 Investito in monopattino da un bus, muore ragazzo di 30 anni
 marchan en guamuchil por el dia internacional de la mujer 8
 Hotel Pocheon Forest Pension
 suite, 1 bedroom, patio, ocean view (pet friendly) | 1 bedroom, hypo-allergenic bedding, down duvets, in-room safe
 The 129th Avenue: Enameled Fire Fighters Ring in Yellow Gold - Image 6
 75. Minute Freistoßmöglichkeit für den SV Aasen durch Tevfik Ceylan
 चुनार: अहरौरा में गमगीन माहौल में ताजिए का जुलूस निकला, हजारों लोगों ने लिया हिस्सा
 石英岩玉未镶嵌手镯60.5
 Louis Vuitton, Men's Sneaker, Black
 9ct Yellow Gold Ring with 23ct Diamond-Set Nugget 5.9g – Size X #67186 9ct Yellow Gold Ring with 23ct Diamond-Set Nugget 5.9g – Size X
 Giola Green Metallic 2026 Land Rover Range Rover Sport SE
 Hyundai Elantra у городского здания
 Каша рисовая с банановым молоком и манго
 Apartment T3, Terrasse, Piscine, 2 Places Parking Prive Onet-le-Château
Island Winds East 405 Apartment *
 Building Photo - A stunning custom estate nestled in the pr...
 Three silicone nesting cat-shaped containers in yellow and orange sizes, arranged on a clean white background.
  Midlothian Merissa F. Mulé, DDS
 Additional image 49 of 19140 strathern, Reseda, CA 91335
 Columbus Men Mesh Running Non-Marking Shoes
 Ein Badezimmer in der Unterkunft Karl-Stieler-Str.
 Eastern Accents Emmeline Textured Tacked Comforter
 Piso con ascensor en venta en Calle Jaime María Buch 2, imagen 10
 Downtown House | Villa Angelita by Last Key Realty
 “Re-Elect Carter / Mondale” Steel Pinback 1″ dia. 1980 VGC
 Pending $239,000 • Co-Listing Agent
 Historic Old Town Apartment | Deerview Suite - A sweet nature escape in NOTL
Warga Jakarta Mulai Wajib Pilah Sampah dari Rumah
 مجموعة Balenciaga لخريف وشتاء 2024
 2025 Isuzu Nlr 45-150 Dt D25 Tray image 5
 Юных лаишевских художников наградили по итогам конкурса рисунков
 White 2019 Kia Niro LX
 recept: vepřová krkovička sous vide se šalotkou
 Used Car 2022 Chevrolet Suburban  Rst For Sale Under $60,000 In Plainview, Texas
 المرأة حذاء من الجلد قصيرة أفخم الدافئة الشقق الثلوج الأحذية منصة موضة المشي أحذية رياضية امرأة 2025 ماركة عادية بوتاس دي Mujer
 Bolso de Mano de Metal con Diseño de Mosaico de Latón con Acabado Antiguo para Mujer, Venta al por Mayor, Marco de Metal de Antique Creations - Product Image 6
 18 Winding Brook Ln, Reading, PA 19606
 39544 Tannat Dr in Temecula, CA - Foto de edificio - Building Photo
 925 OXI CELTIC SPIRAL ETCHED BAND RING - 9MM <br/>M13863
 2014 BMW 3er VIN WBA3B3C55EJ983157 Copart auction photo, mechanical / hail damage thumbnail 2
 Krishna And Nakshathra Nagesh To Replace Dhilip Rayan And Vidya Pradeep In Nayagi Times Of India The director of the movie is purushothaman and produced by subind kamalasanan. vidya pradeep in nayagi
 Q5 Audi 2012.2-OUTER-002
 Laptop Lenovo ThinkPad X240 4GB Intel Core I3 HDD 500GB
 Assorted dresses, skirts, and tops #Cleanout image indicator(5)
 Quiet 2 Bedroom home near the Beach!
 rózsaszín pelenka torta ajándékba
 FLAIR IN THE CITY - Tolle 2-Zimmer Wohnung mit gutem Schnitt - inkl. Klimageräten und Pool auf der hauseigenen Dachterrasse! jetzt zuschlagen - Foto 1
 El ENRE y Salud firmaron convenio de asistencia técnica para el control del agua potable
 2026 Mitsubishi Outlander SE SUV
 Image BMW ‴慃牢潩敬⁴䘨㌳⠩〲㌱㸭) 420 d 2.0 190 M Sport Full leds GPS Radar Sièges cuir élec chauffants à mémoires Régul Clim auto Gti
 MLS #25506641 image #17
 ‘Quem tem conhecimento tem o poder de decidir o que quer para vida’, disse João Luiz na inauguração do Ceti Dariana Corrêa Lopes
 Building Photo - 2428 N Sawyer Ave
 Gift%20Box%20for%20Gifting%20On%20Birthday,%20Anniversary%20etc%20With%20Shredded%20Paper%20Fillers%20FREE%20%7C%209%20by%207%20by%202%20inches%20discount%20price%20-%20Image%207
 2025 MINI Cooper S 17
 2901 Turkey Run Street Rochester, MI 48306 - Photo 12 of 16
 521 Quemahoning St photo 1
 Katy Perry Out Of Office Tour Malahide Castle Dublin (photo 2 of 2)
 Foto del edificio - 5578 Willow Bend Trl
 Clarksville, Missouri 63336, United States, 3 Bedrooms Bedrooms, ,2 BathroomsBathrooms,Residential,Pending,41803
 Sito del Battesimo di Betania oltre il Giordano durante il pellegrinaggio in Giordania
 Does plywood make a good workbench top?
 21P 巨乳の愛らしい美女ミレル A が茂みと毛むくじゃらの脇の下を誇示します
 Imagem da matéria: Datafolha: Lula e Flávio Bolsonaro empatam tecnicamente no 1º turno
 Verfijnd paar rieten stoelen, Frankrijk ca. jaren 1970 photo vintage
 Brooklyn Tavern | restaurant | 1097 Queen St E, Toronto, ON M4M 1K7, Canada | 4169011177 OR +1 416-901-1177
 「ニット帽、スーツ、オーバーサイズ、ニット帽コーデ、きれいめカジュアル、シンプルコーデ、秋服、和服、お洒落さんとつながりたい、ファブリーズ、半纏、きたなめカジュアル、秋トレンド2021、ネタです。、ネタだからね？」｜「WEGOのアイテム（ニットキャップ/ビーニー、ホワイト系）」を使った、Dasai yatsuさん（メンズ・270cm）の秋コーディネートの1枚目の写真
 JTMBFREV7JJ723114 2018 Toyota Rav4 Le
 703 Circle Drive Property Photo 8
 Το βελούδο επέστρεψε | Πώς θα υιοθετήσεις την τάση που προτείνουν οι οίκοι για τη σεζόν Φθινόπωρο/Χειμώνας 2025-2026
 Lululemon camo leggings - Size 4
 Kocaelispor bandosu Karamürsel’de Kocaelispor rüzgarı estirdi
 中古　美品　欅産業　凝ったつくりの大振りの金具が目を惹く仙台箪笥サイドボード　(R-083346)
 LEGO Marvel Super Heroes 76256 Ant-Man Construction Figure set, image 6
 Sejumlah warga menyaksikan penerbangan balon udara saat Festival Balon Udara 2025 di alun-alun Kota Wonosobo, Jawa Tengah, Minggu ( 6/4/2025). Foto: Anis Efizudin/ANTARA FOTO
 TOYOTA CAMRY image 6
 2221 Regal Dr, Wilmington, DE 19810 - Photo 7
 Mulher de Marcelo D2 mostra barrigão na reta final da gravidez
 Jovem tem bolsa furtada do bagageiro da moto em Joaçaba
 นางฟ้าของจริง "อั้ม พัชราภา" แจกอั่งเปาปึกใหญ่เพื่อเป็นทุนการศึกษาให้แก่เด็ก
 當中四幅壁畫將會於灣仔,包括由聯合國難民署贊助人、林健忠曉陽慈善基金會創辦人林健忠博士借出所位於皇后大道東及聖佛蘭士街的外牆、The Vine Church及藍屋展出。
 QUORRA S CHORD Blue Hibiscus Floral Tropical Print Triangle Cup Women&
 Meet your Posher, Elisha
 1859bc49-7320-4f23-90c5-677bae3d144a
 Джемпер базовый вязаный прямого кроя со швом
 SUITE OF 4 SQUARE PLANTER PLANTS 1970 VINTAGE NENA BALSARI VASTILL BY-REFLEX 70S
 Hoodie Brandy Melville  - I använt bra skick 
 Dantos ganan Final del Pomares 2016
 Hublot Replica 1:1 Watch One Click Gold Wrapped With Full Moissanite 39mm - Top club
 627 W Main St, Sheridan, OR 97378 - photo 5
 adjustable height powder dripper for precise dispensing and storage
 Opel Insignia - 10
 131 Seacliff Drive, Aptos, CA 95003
=-=-=
**ACTIVITY**
Within the records above, find every line holding the word "Gold" and give the total as a bare number.

**YOUR SOLUTION**
3